Ignore (some) Advice; Precede with Caution

If you google "college essay topics to avoid" you will find things like, personal tragedies, obstacles in sports, immigrant stories, mental health issues, people you look up to, relationship break-up stories, or volunteer experiences. What else is there? And also, how can you be yourself, and be authentic while also NOT picking a topic that is most central to who you are – just to be accepted into a college. Sounds like really misguided advice to me. And maybe a good clue that that college is not the best choice for you.


Here's my take. How about instead we talk about the writing topic in terms of choices and options, rather than dos and don'ts. College-bounders can write about anything that is truly meaningful to them with certain guidelines or a precede with caution approach. I don't ever tell my clients not to write about a certain topic. Instead, I listen. I find out what is most at the core of their essence, what experiences have been most transformational, and what I hear they want to write about. Then I help them craft an essay in a way that keeps the focus on the student’s abilities, passion, and potential for growth and how the the challenging experience shaped them into who they are. If the experience didn't create a measurable, articulable positive impact than you probably wouldn't think to write about it in the first place and if you could find a better way to show the best of who you are without that very difficult, transformational experience, you would. Right?

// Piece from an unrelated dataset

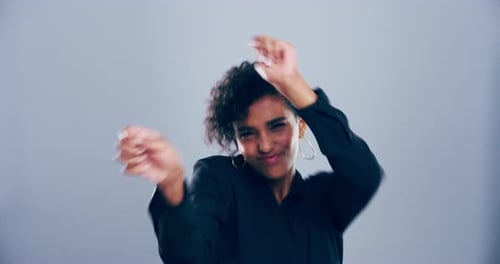 Woman Dancing with Enthusiasm Against Gray Background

The trick is to decenter the experience or hardship and center yourself in the essay so that the tone is hopeful, uplifting and showcases your strengths, rather than making the traumatic or challenging experience the main character. You are the main character. And it's ok to express how the experience first impacted you. You don't have to pretend like you got yourself off the metaphorical couch right away; it’s ok to admit weakness. It shows authenticity, humility, and vulnerability. You just don't want to hang out there very long or else you'll miss out on using your precious word limit on specific details that make you stand out through this story that is only yours to tell.


Take a ways:

• You always have choices.

• Write about an experience or topic that shows the best of who you are.

• The only reason not to write about something is if you aren't able to articulate with lots of sensory-rich details why the experience shaped you in a positive way.

• All the story themes and topics you could ever think about have already been written about a million times in college essays - well, maybe not a million...But you get the i dea. It's all about how you handle the topic. How you tell the story. How you grew into the person you are because of the difficult experience.


Cheers to ignoring advice that doesn't work for you! You've got this.